SOURCE RECORDS →
◇ ◇ ◇ ◇ ◇ ◇ ◇
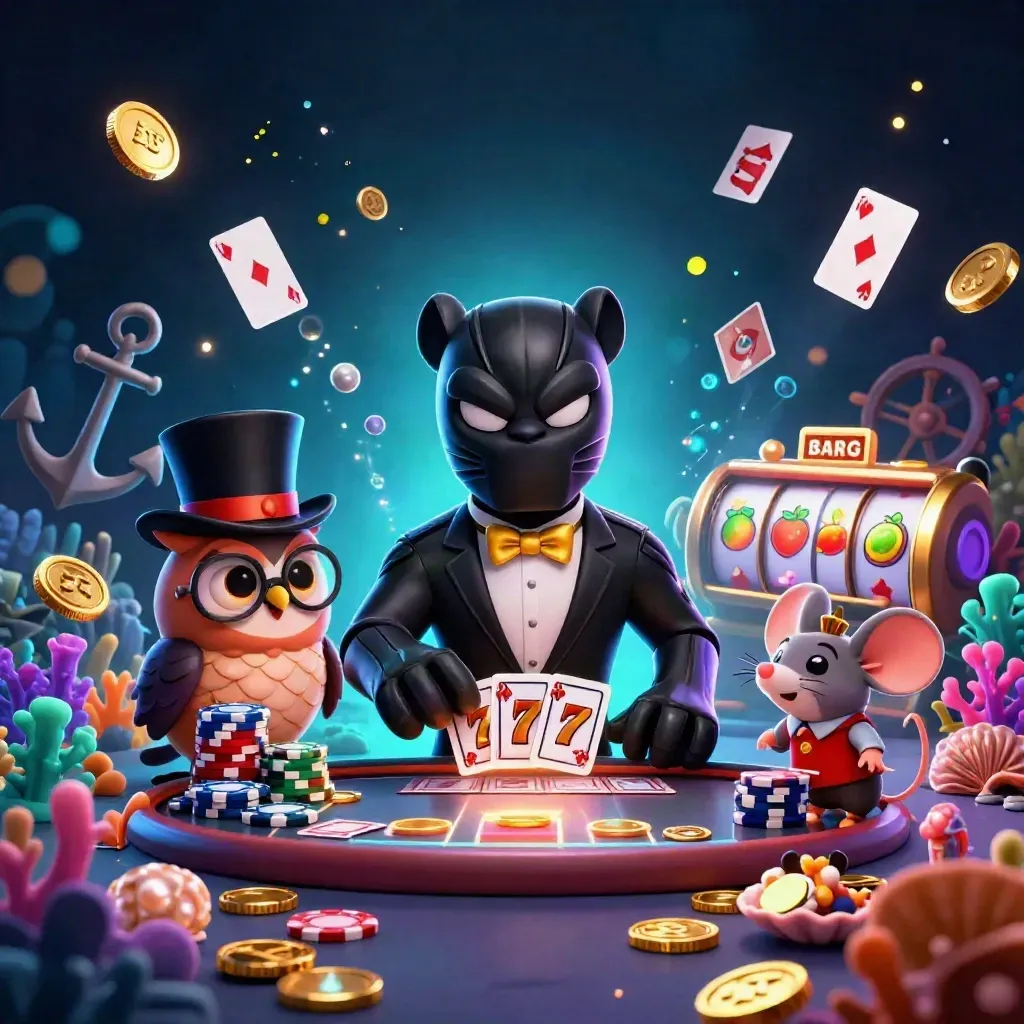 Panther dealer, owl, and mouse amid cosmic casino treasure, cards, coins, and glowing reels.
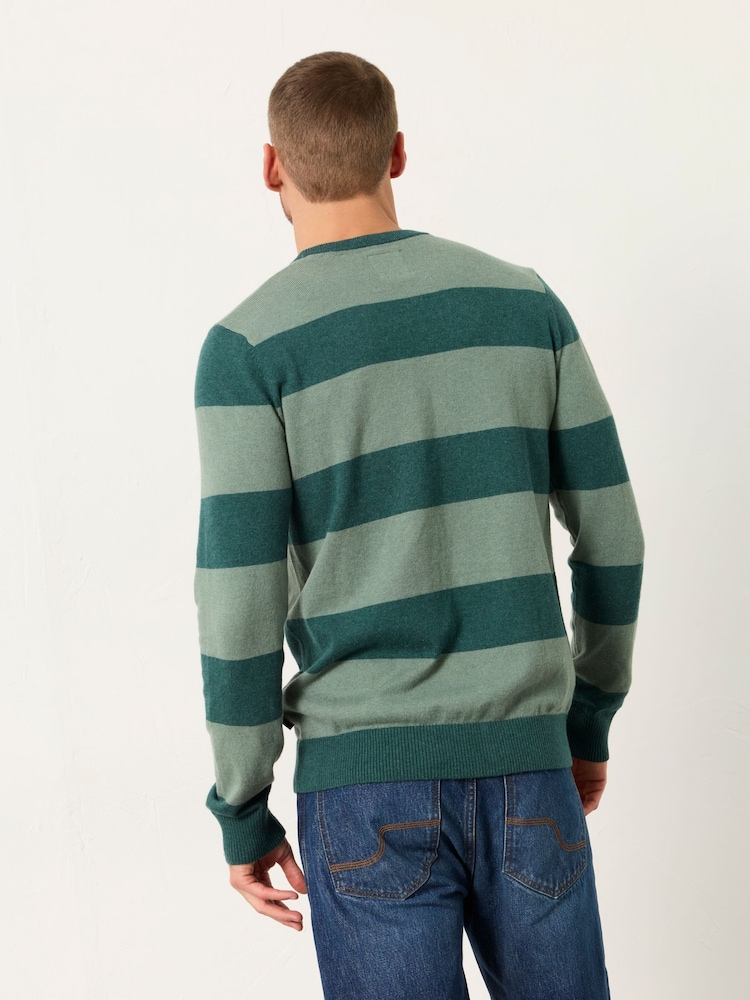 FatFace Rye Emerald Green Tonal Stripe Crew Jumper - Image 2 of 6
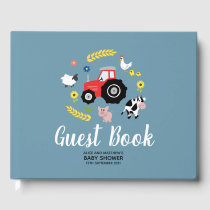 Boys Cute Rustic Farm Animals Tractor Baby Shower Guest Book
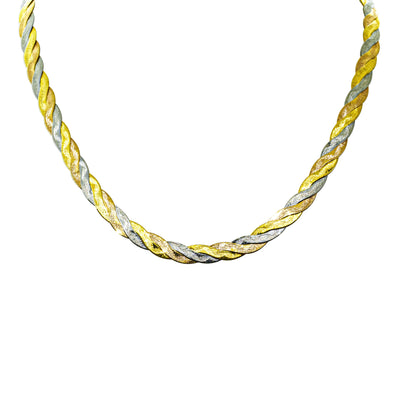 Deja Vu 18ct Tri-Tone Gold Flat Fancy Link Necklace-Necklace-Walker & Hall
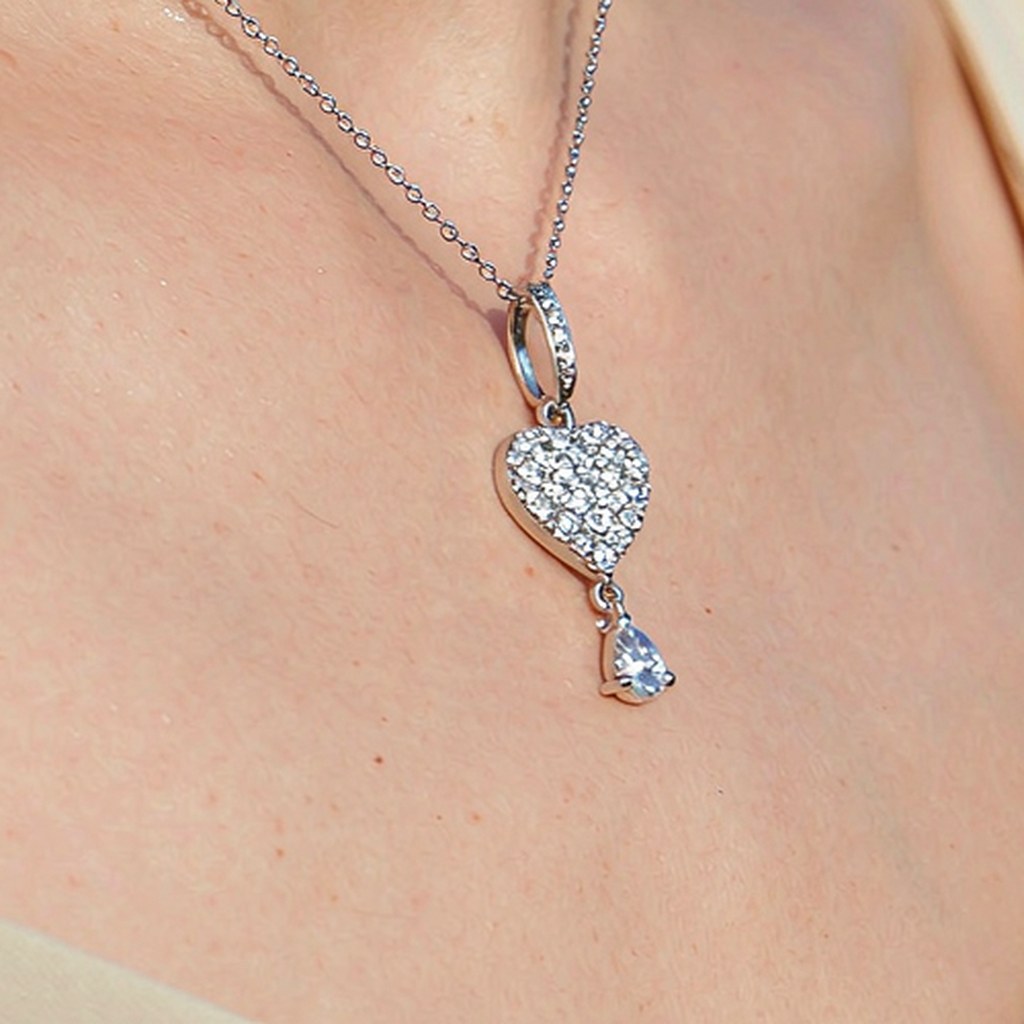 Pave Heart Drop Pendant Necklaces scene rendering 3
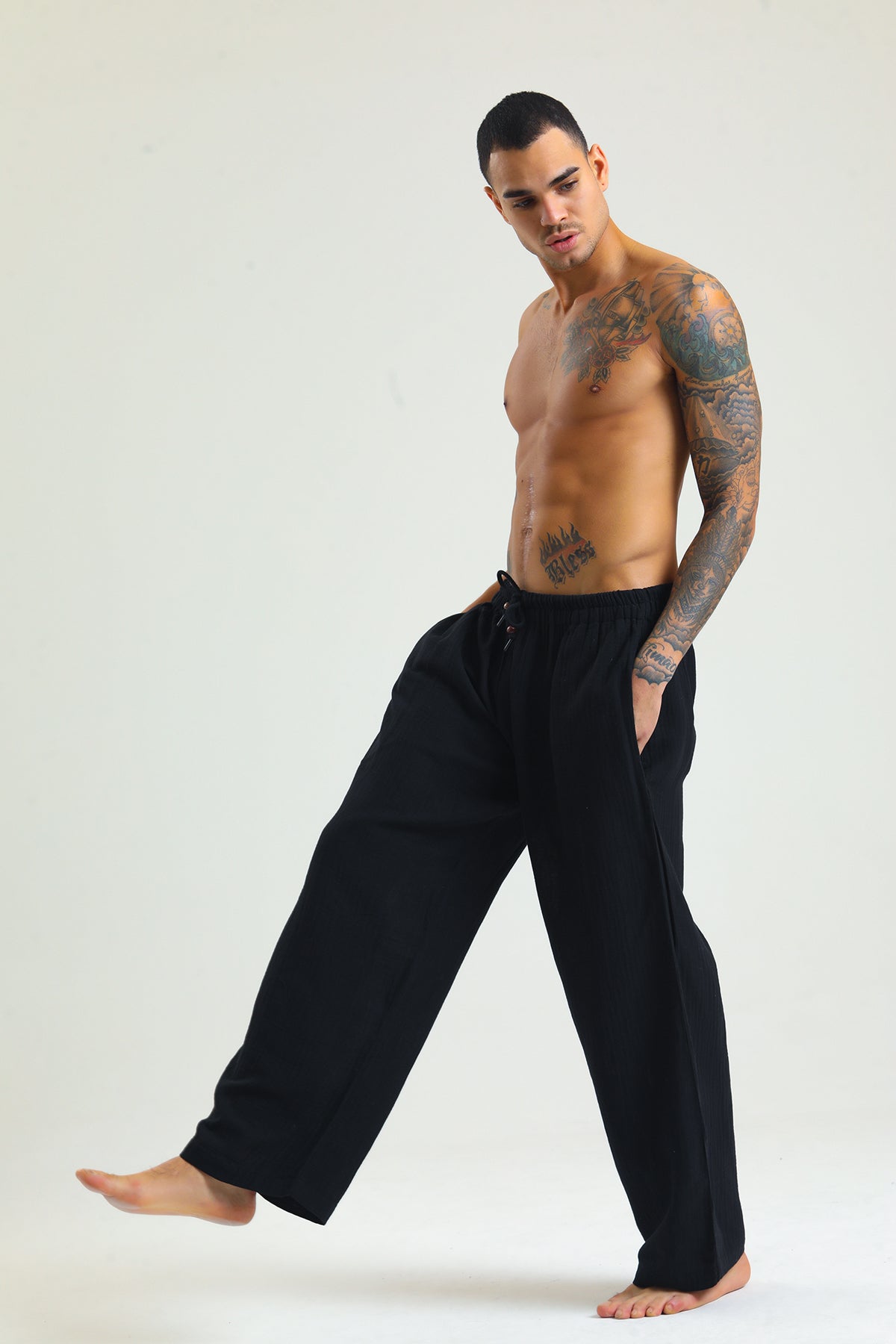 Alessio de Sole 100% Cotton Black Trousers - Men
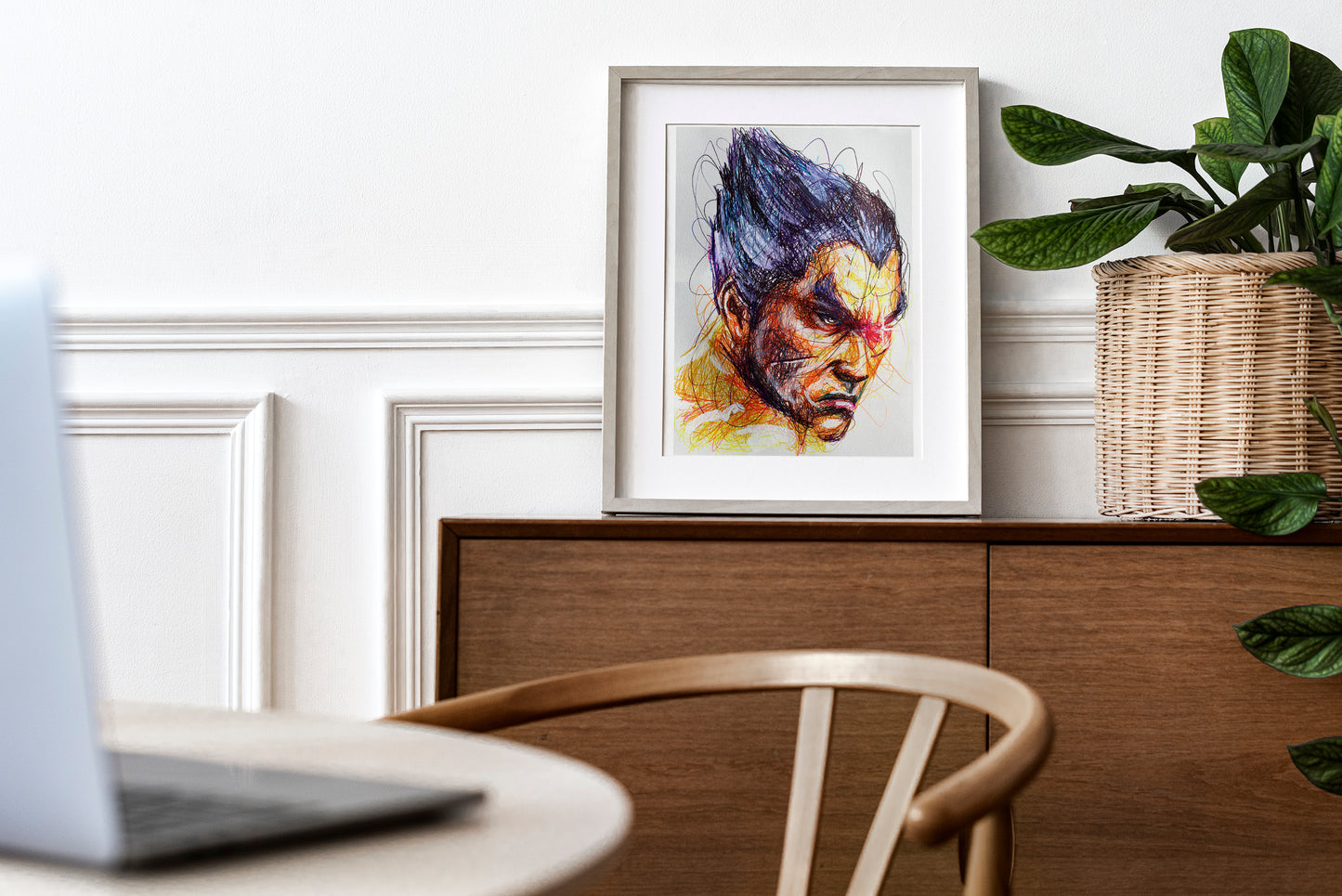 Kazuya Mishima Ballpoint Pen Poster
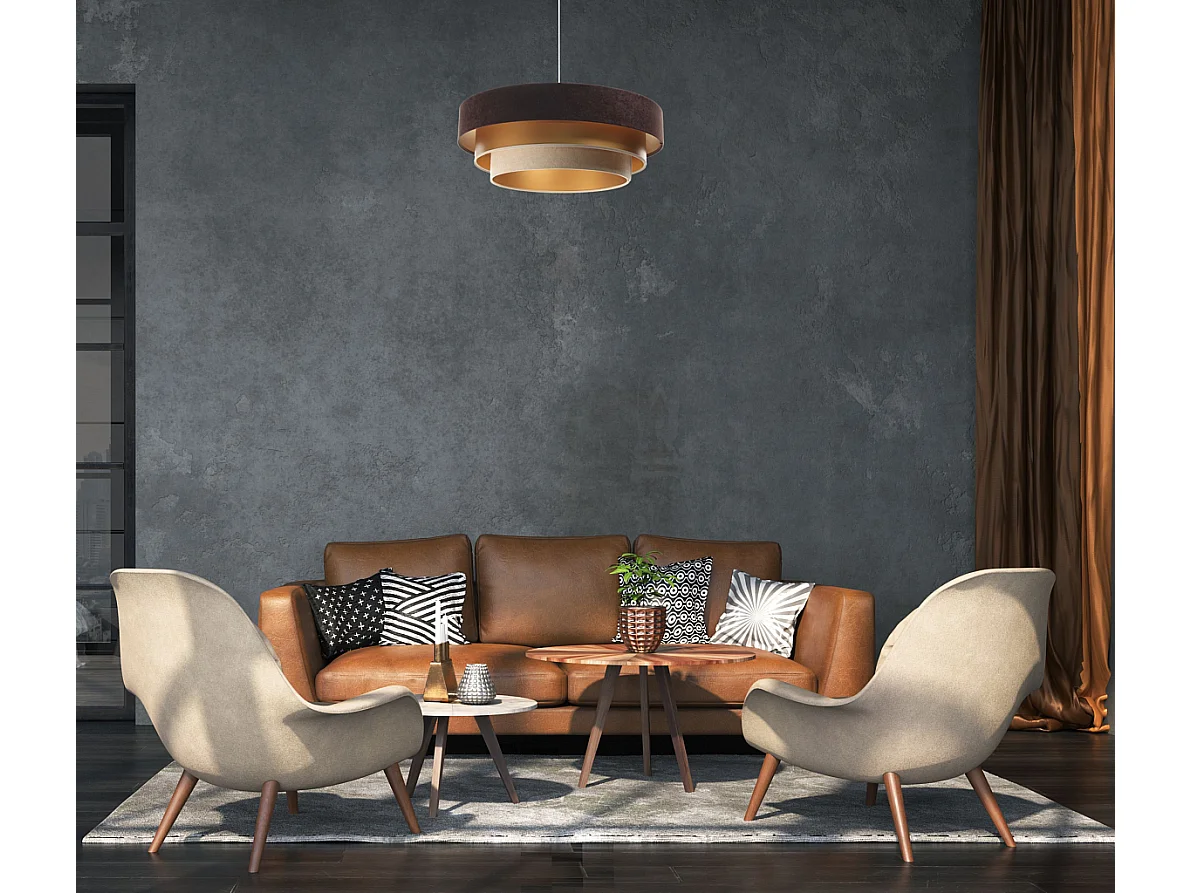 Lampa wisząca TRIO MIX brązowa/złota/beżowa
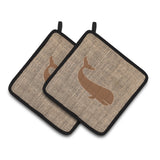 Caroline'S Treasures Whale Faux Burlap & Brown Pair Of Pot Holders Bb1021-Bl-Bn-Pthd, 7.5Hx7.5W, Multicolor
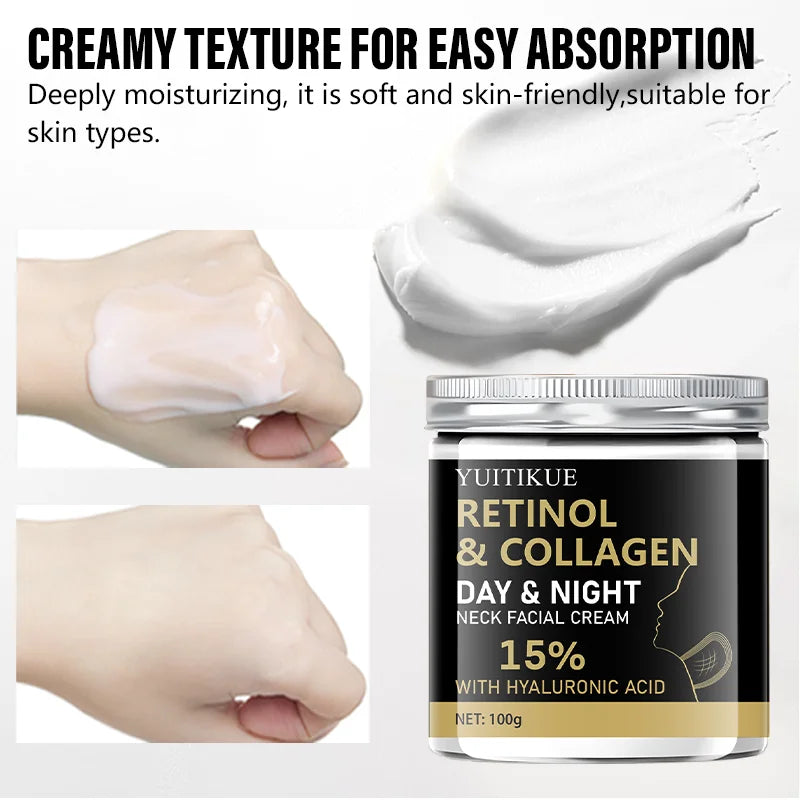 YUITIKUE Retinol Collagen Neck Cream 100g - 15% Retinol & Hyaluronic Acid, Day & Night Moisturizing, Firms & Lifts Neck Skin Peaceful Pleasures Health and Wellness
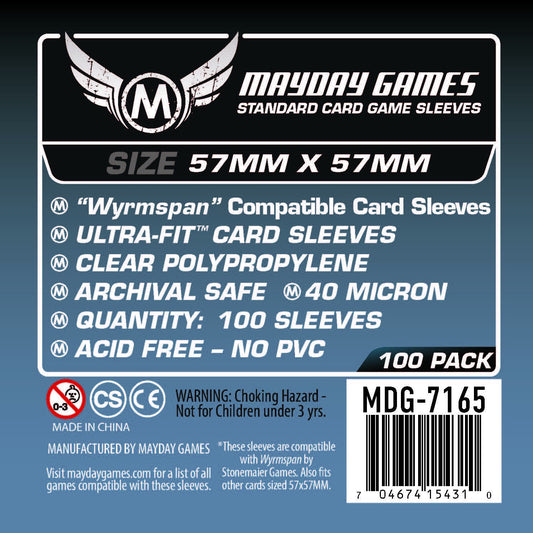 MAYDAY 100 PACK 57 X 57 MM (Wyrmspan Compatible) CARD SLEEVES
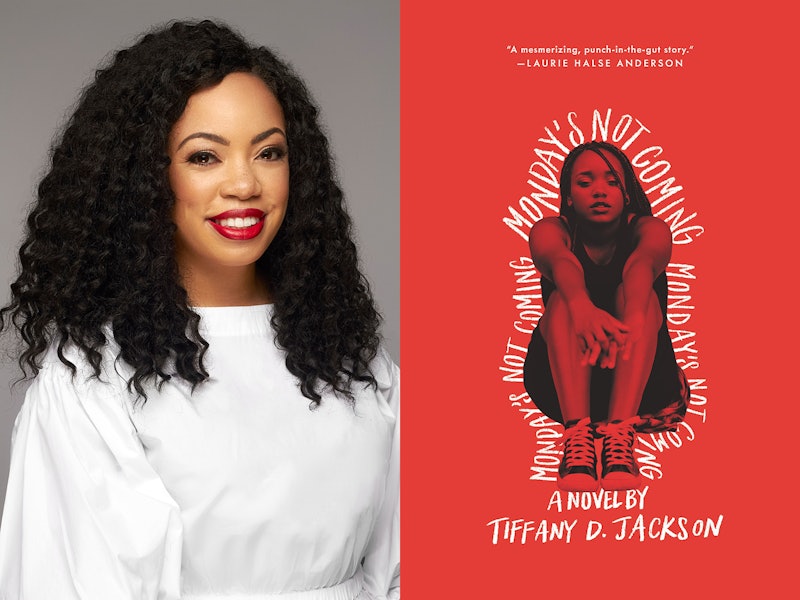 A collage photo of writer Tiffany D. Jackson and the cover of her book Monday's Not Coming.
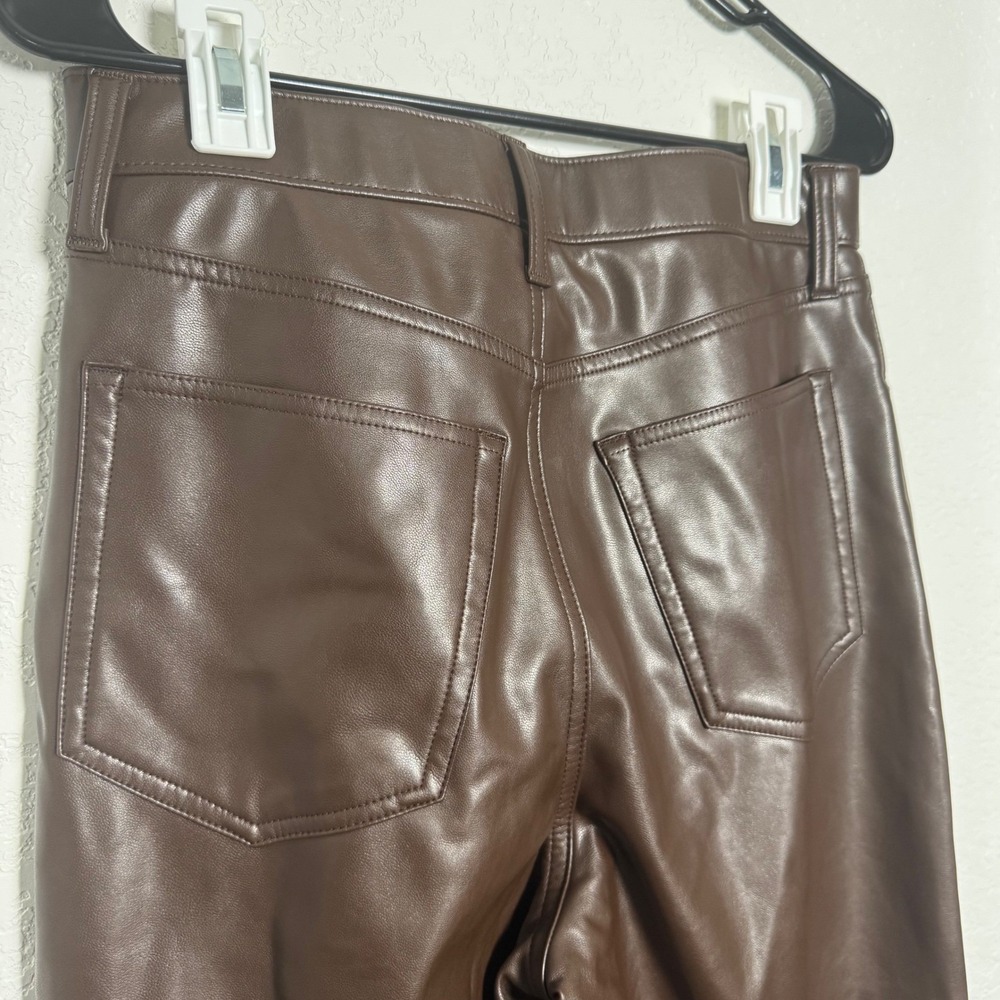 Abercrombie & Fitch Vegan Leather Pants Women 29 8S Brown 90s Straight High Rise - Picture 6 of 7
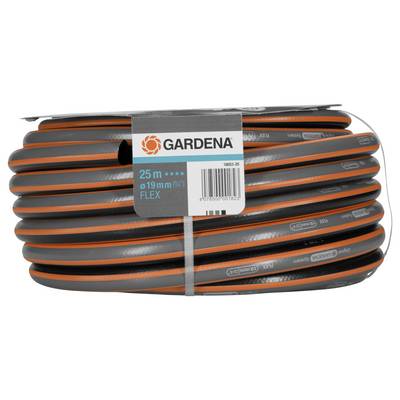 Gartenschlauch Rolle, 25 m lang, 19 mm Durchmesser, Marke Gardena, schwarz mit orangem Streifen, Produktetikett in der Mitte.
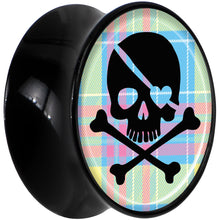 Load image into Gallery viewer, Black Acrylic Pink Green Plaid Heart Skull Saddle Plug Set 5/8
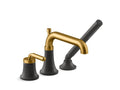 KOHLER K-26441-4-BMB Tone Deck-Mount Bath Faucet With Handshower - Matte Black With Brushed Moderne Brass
◇ ◇ ◇ ◇ ◇ ◇ ◇
PROMPT → A word-for-word copy of the entries above is what is needed, without any images.

WRITTEN ANSWER →
 Panther dealer, owl, and mouse amid cosmic casino treasure, cards, coins, and glowing reels.
 FatFace Rye Emerald Green Tonal Stripe Crew Jumper - Image 2 of 6
 Boys Cute Rustic Farm Animals Tractor Baby Shower Guest Book
 Deja Vu 18ct Tri-Tone Gold Flat Fancy Link Necklace-Necklace-Walker & Hall
 Pave Heart Drop Pendant Necklaces scene rendering 3
 Alessio de Sole 100% Cotton Black Trousers - Men
 Kazuya Mishima Ballpoint Pen Poster
 Lampa wisząca TRIO MIX brązowa/złota/beżowa
 Caroline'S Treasures Whale Faux Burlap & Brown Pair Of Pot Holders Bb1021-Bl-Bn-Pthd, 7.5Hx7.5W, Multicolor
 YUITIKUE Retinol Collagen Neck Cream 100g - 15% Retinol & Hyaluronic Acid, Day & Night Moisturizing, Firms & Lifts Neck Skin Peaceful Pleasures Health and Wellness
 MAYDAY 100 PACK 57 X 57 MM (Wyrmspan Compatible) CARD SLEEVES
 A collage photo of writer Tiffany D. Jackson and the cover of her book Monday's Not Coming.
 Abercrombie & Fitch Vegan Leather Pants Women 29 8S Brown 90s Straight High Rise - Picture 6 of 7
 Gartenschlauch Rolle, 25 m lang, 19 mm Durchmesser, Marke Gardena, schwarz mit orangem Streifen, Produktetikett in der Mitte.
 Load image into Gallery viewer, Black Acrylic Pink Green Plaid Heart Skull Saddle Plug Set 5/8
 KOHLER K-26441-4-BMB Tone Deck-Mount Bath Faucet With Handshower - Matte Black With Brushed Moderne Brass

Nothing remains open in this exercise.